Tante Céleste giggled again, thinking about the way Jamie had snapped to attention when Marianne said Doug’s name. The three of them were returning from a May Day demonstration. The large parade had moved down Sainte Catherine Street like a mass of human lava. There had been a contingent of students who had taken part in the May 1968 demonstrations at the Sorbonne in Paris. Tante Céleste wondered if Prez had managed to converse with them and learn that on May Day in France, bunches of lilies of the valley, or muguets, are sold on the streets and given as presents. Les muguets represent good luck.

“You mean about the symbolism of les muguets?” asked Tante Céleste. As if she didn’t know what Marianne was talking about. “He must be having a positive effect on you, dear. I haven’t seen you with a cigarette for a while.”

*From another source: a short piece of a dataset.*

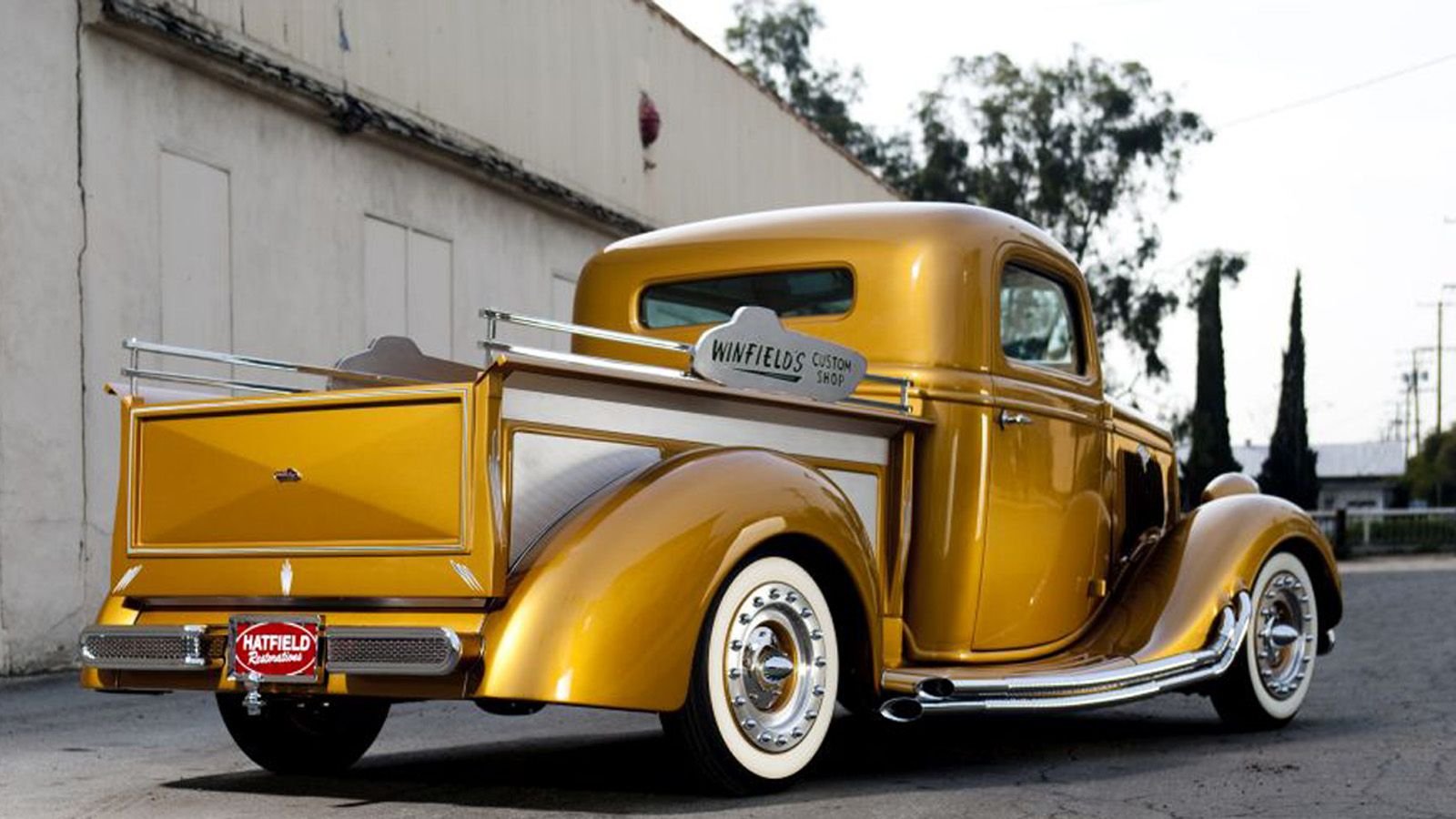 Gene Winfield and the Bronze Coated Beauty Fordtrucks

After some of Tante Céleste’s excellent quiche and café au lait, Jamie left. Marianne was about to depart to her flat with her bunch of muguets when Tante Céleste said, “You know Marianne, at the convent orphanage the most beautiful babies were always the mulatto ones.” Marianne’s steps faltered.

“Oh, what an interesting observation.” Marianne felt her face flush and didn’t want Tante Céleste to notice. “Salut, Tante Céleste,” said Marianne as she reached for the doorknob.

“Wait a minute, Marianne. What’s the rush? We haven’t had a good chat lately.”

Marianne let go of the doorknob, dropped her head, and began to sob uncontrollably.

Tante Céleste was greatly alarmed. She didn’t even know Marianne had such a cry in her, much less a reason for one.

“Oh my god, child, what’s wrong?”

Marianne turned, bent herself way over so that her face was buried in her little Tante Céleste’s shoulder, and wept. She wept until she soaked Tante Céleste’s blouse. She wept until she had cramps in her stomach that made her clutch at her midsection and double over. She wept until there were no more tears to weep and she just whimpered and gasped for air. And little Tante Céleste feared her bones would collapse under all the sobbing weight. But she held her grandniece up until a voice from somewhere said, “I’m pregnant.”

“Oh, my dear, sweet Marianne. Can you ever forgive me? I had no idea. What I said about the orphans . . .”

“I know, Tante Céleste. The last thing anyone would think would be that I would get pregnant accidentally. Me, the great control freak.” More tears gushed down her face.

Afterward, sitting in Tante Céleste’s kitchen, Marianne’s eyes were bloodshot from crying and her nostrils inflamed from blowing her nose so much.

“Your baby’s father, he will make a good father, no?”

“Dead men don’t make good fathers,” replied a very weary Marianne. “War resisters like Jamie came here to avoid going to war. Doug was already in a war. He’s told me stories. He wants to go back to it. But America will kill him.”